Higher current capabilities of power LEDs enable strobed lighting for vision systems.
Matt Pinter, Smart Vision Lights, and Christos Sarakinos, Future Lighting Solutions
Smart cameras, at a reduced price, have continued to increase capabilities for machine vision applications, but lighting has not kept pace. There is hope, however, if lighting designers take advantage of performance and packaging breakthroughs.
For power LEDs, the relationship between the forward current and the light output is direct, assuming constant temperature. As DC forward current is increased, light output increases.
The first power LED introduced in 1999 by Philips Lumileds had a nominal forward current of 0.35 A and maximum DC forward current of 0.38 A, leaving little room to overdrive the LED for increased light output. Since then, light output has increased significantly, and with the introduction of higher-current packages, red power LEDs now can withstand up to 2.2 A.
Even when DC current increases at the same rate, the relative increase in light output of power LEDs varies from manufacturer to manufacturer and occurs at various rates. Thus, care must be taken to select the appropriate power LED.
The power dissipated through the LED is a product of the forward current, the forward voltage and quantum efficiency. Thus, increasing the drive current also increases the power dissipated. Along with ambient temperature and system thermal resistance, dissipated power is one of the main factors contributing to increased junction temperature. (The junction is the semiconductor die within the power LED that is responsible for light production.)
The light output of a power LED decreases as its junction temperature increases. For some technologies, such as those responsible for producing blue light, this decrease is negligible. For others, such as those responsible for producing red light, it can be significant.
If the junction temperature surpasses the maximum on the product data sheet, the integrity of the silicone encapsulate surrounding the die deteriorates, and the LED fails catastrophically.
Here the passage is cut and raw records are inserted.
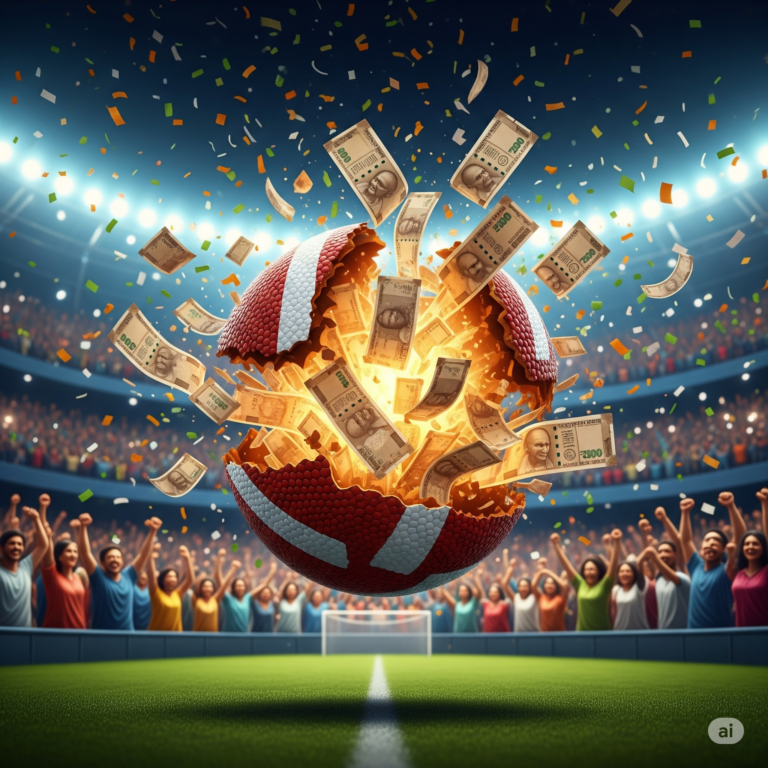 A dynamic image of a football exploding with Indian Rupee notes, symbolizing the booming football betting game market in India, with a cheering crowd in a stadium background.
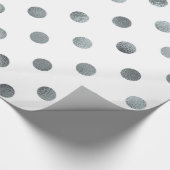 Silver Metallic Faux Foil Small Polka Dot White Cadeaupapier (Hoek)
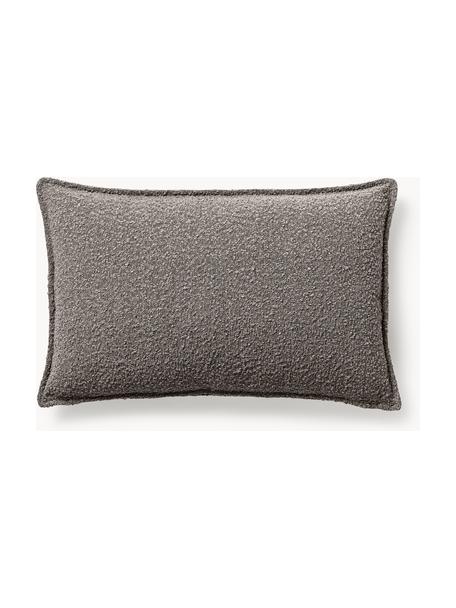 Bouclé bankkussen Lennon, Bekleding: 80% leer, 20% acryl, Cert, Bouclé greige, B 80 x L 50 cm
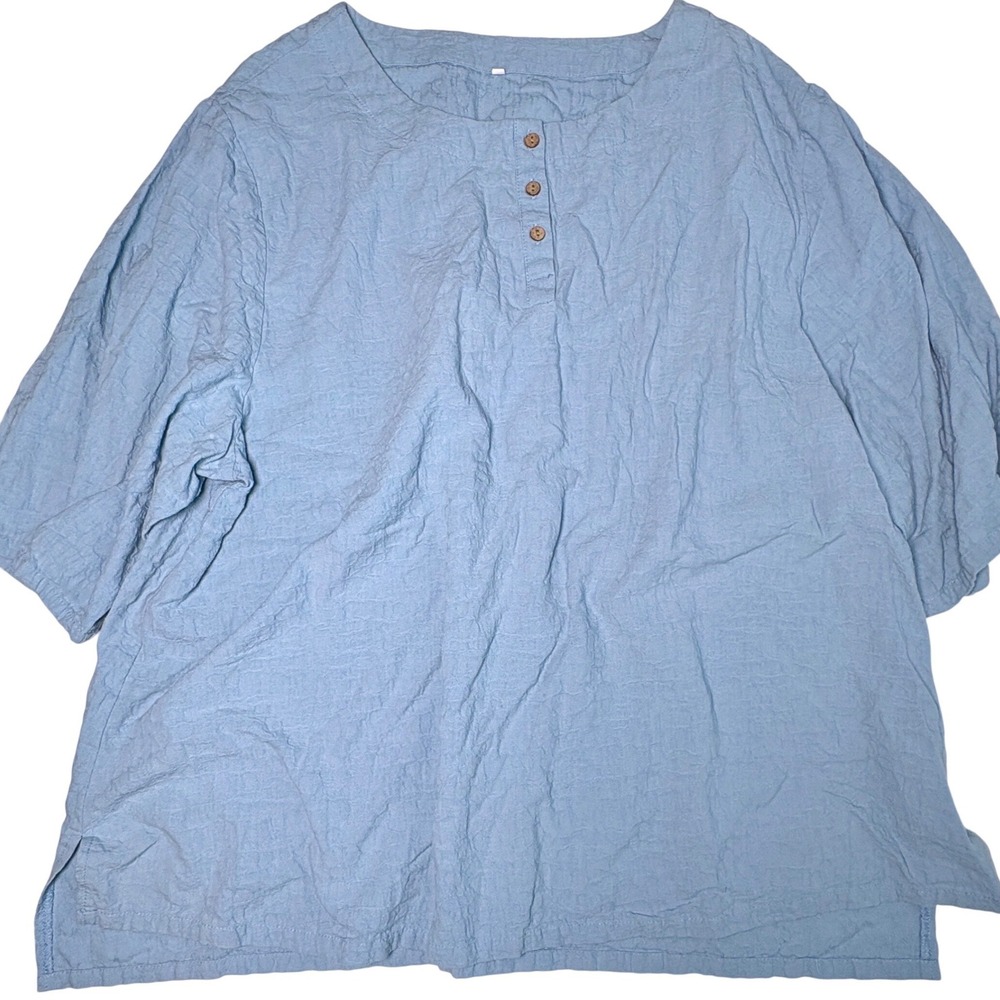 Henley Tunic 3XL Light Blue Linen Cotton Short Sleeve Top LL-1811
In addition, an elevated junction temperature causes irreversible degradation over time. So, although greater light output can be achieved by driving power LEDs harder, there is a thermal cost. The increased heat must be properly managed.
From a thermal standpoint, power LEDs differ from other sources. Unlike traditional LEDs, they have separate electrical and thermal paths. And unlike conventional lighting, they do not radiate heat forward, but instead conduct it through the slug to the underside of the device. From there, the heat generally moves to the board, to the heat sink and, finally, to the air.
When using high-power LEDs in high-current applications such as vision system lighting, a large, bulky heat sink or thermoelectric cooler is needed to maintain a reasonable junction temperature. Although heat sinks made from aluminum and copper dissipate heat quickly and efficiently, they are costly to manufacture and difficult to design. Nevertheless, to ensure proper operation and to prevent power LED failure, many lighting manufacturers are designing such costly, elaborate systems to ensure necessary heat dissipation capabilities.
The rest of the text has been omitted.